Return the whole listing, line for line, without the pictures in it.

◆ Information supplied ◆
---*---
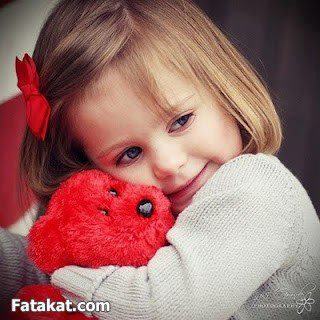 mony_mona121's profile picture.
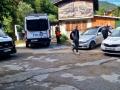 Смолян акция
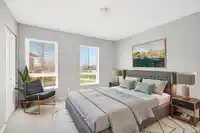 66 19505 68A AVENUE - thumbnail 18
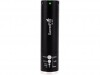 http://https://mocubo.es//p/12510-sacredfire-nf-b57-3w-autofoco.html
---*---
◆ Response ◆
 mony_mona121's profile picture.
 Смолян акция
 66 19505 68A AVENUE - thumbnail 18
 http://https://mocubo.es//p/12510-sacredfire-nf-b57-3w-autofoco.html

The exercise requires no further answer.